____ EXTRACTED DATA

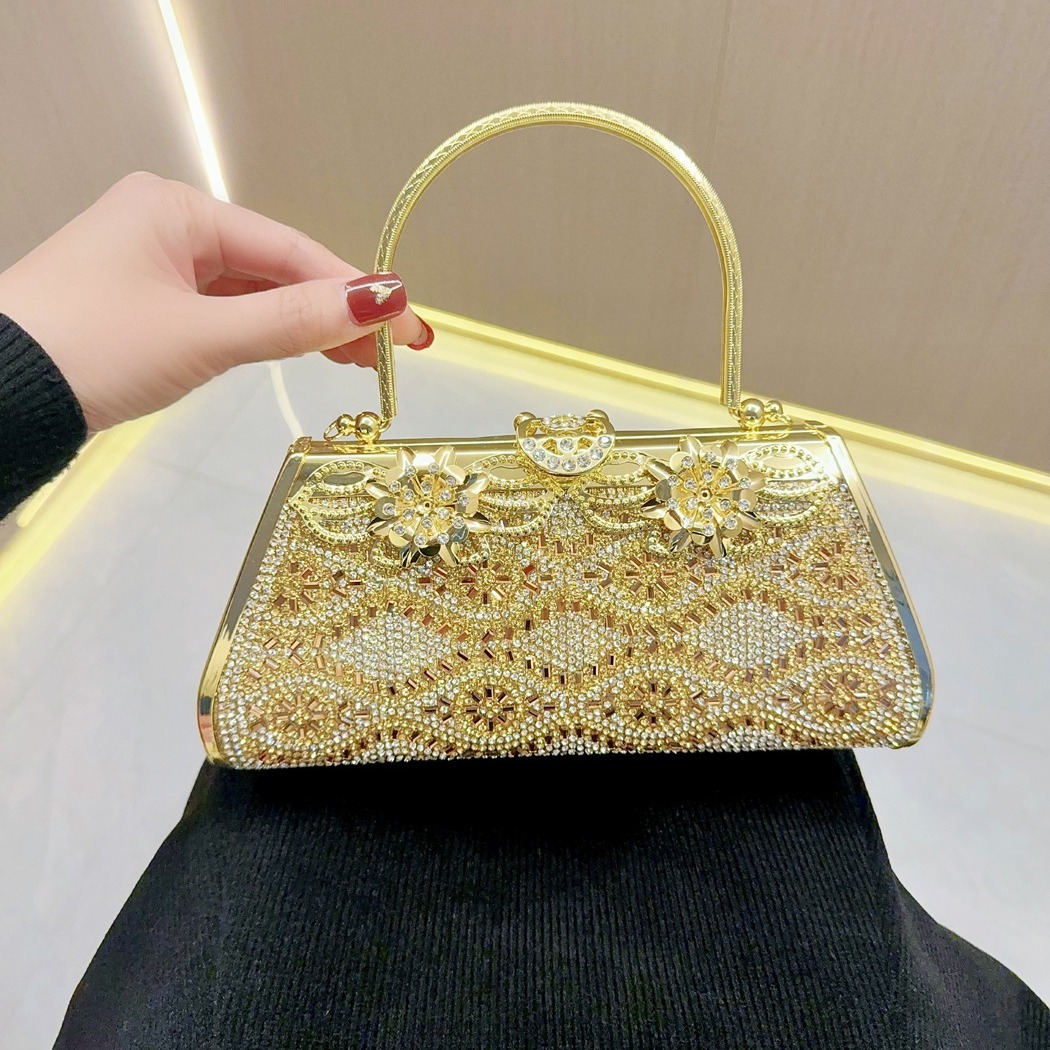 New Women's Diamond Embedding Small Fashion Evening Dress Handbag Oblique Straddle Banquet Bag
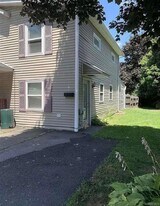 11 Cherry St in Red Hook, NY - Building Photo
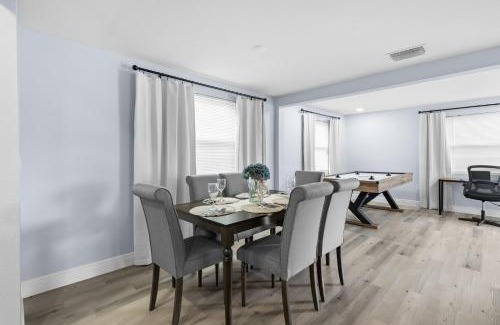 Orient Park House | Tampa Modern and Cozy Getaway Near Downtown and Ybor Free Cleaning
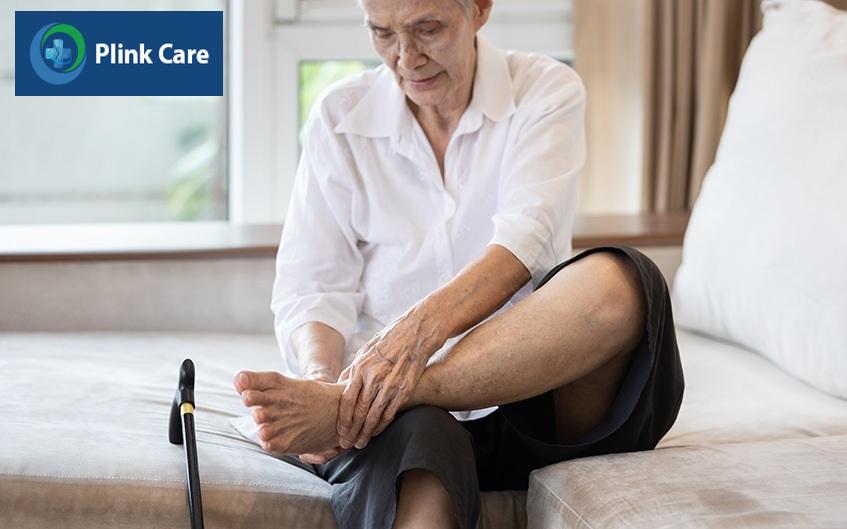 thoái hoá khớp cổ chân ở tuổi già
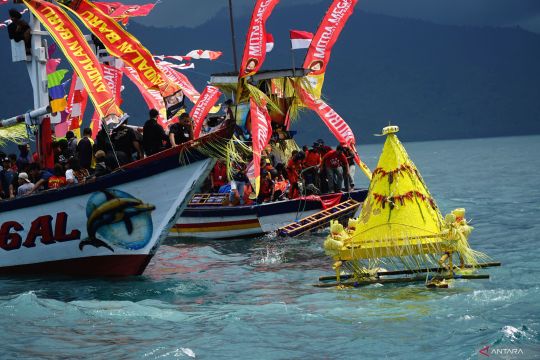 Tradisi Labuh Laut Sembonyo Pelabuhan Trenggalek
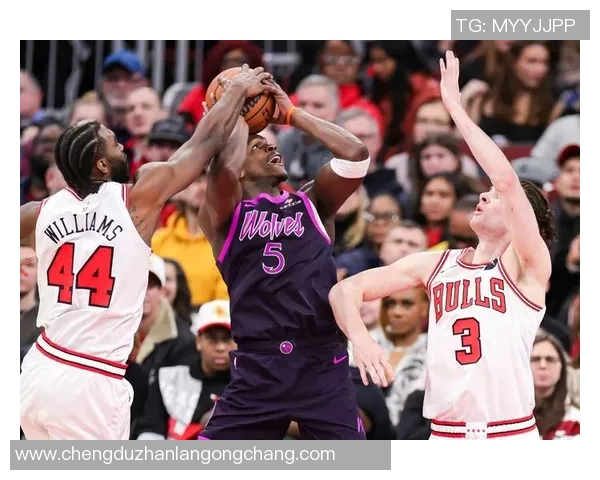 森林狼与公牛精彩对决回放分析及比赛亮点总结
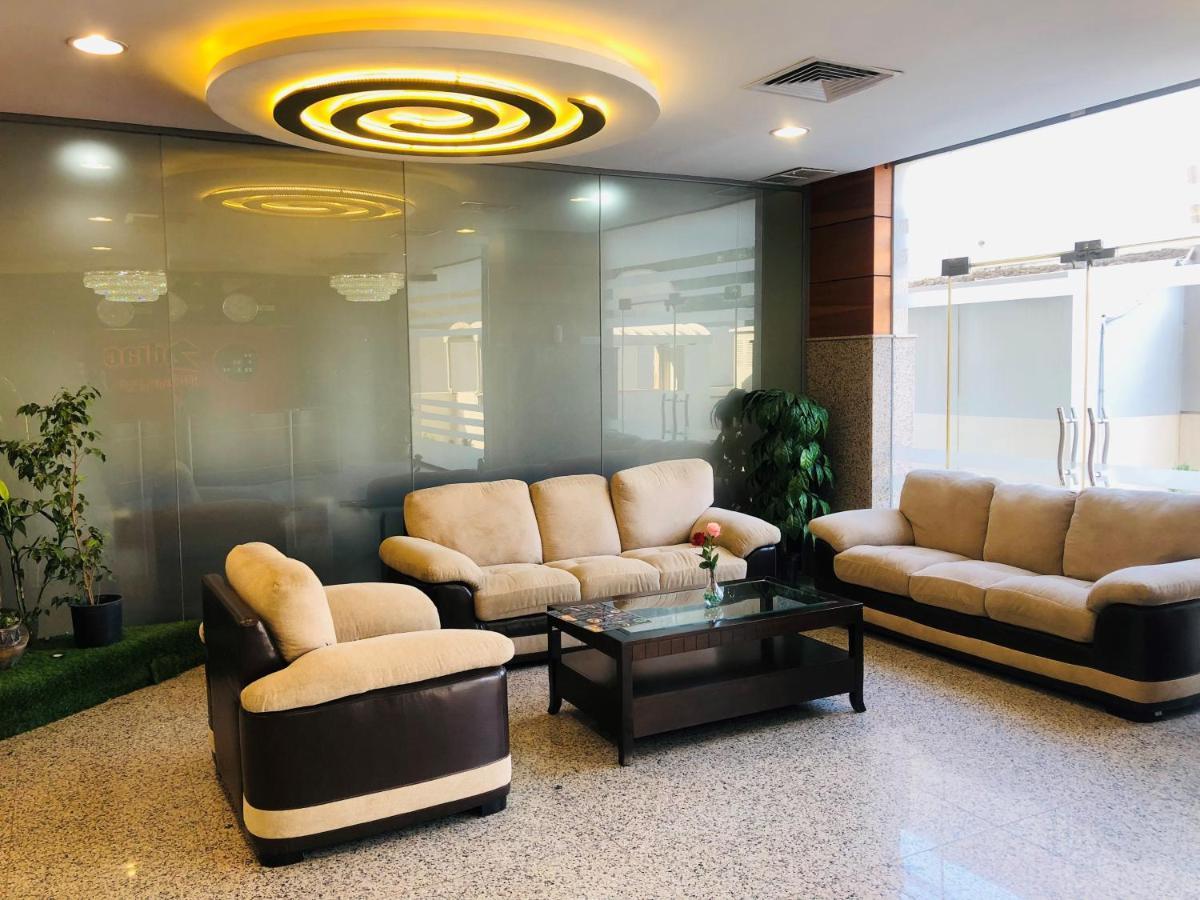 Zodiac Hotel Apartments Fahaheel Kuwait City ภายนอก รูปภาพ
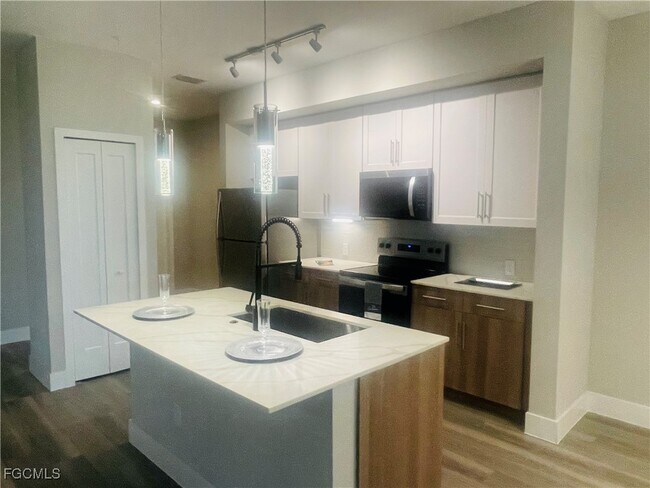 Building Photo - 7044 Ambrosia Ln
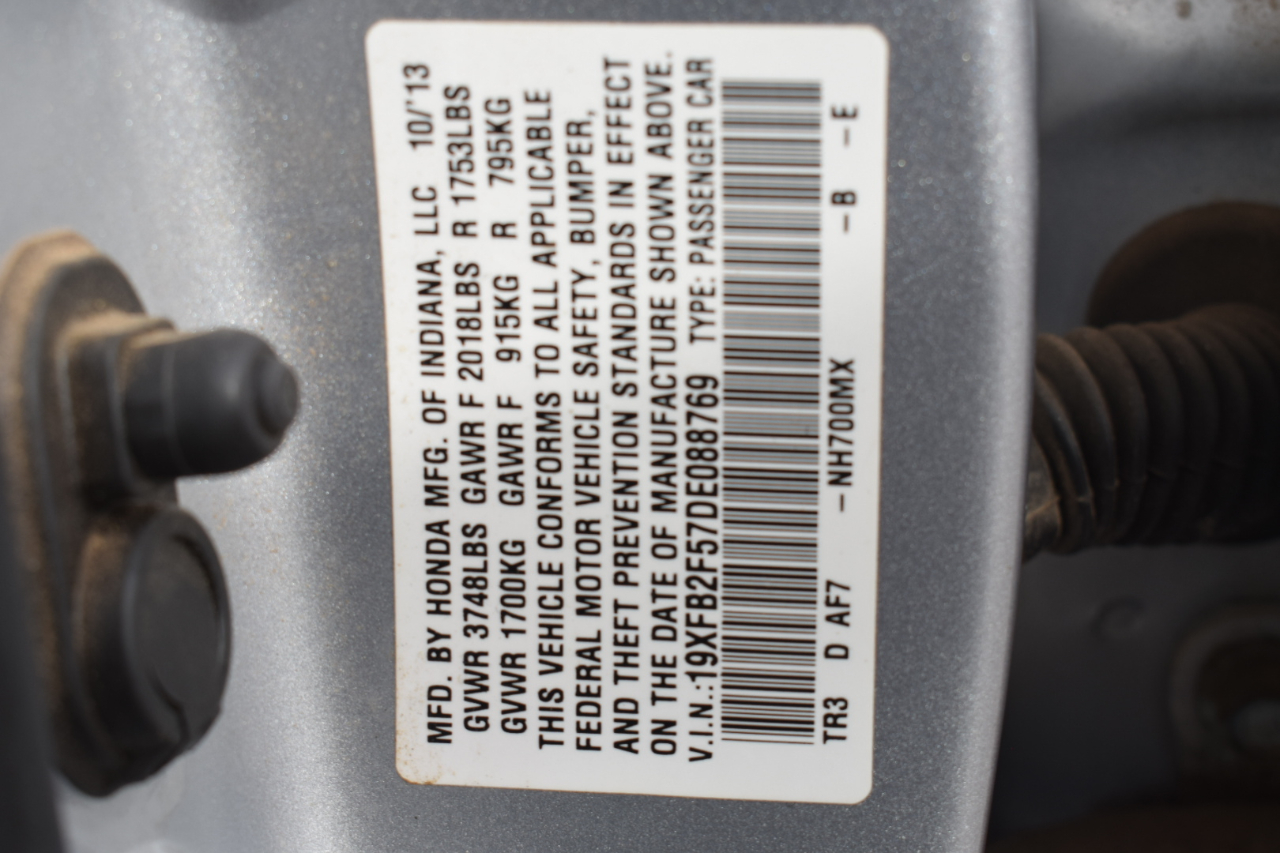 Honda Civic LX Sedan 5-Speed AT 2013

________

_PROBLEM TO SOLVE_: The job is to set down the whole listing exactly, excluding any images.

_RESPONSE TO THE TASK_:
 New Women's Diamond Embedding Small Fashion Evening Dress Handbag Oblique Straddle Banquet Bag
 11 Cherry St in Red Hook, NY - Building Photo
 Orient Park House | Tampa Modern and Cozy Getaway Near Downtown and Ybor Free Cleaning
 thoái hoá khớp cổ chân ở tuổi già
 Tradisi Labuh Laut Sembonyo Pelabuhan Trenggalek
 森林狼与公牛精彩对决回放分析及比赛亮点总结
 Zodiac Hotel Apartments Fahaheel Kuwait City ภายนอก รูปภาพ
 Building Photo - 7044 Ambrosia Ln
 Honda Civic LX Sedan 5-Speed AT 2013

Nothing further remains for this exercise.